スプリングを強い物に交換したM4RISは連射速度は遅くなったもののパワーがありました。
バババババババババ☆
「快調だ。これは素晴らしい銃だ。もうレギュレーションなんてこの際無視だ。パワーオーバーがバレたらバレたでその時考えるさ」
そしてしばらく撃っていると……
マガジンに弾が残っていてもカラ撃ちになりました。
「ん、また壊れたのか、あのオヤジめ」
「オヤジ!壊れたぞ!」
「はぁ……」
またまた分解すると……
「メカボックスが割れてますね」
「な、なんだとっ!」
「スイッチもかなり痛んでいますし、メカボックスが割れても撃っていたせいでチャンバーにも負担が掛かっていますね」
店員さんは電卓を叩くと、
「これ全部直すと、このぐらいかかりますかね……」
「おいオヤジ、今まで俺がこの銃にいくらつぎ込んだと思ってるんだ!?」
グリ夫は頭に血が上っています。もともと上っていたも言えるのですが……
「カスタムパーツだけでギア三つ、ピストン二つ、スプリング、軸受け、それからメカボックスにスイッチにチャンバーだと!?この店は詐欺だろ!?」
「そんなこと言われても、ねぇ……もともと無理なんですよ。
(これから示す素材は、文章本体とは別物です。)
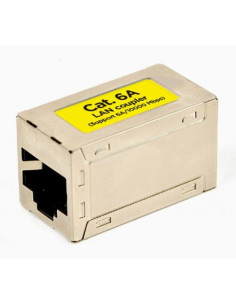 CABLE ACC COUPLER FTP CAT6A/NCA-LC6S-01 GEMBIRD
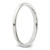 Sterling Silver 2mm Half Round Size 11 Band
このパワーでは負担が大きいですから」
「だったら耐久性が一番高いカスタムってのは何なんだ?」
「……それはノーマル状態ですかね」
「はあ?ノーマルが一番耐久性が高いだと?」
「そりゃそうですよ、何も無理なことしてないメーカー設定のままなんですから。マ*イの電動銃なんかは特にそうですよ」
「なら俺は、わざわざ金をかけて高いカスタムパーツを使って、銃を壊れやすくしてたというのか?」
「まあ、そうなりますね」
「何で止めなかったのだ!?」
「止めたじゃないですか!」
グリ夫は力無くその場に崩れ、ひざまずきました。
「お……俺は……俺は無駄なことをしていたのか……」
グリ夫の目から涙がこぼれ落ち、頬をつたいました。
「アイ*ルのチワワからお金を借りて、やっとここまでカスタムしたというのに……」
グリ夫は拳を強く握りしめ、奥歯をかみしめました。
「く、くそう、悔しい……悔しい……」
そして顔を上げると……
「そしてこうなったのも全て……あいつのせいだ……」
再び復讐を誓ったのです。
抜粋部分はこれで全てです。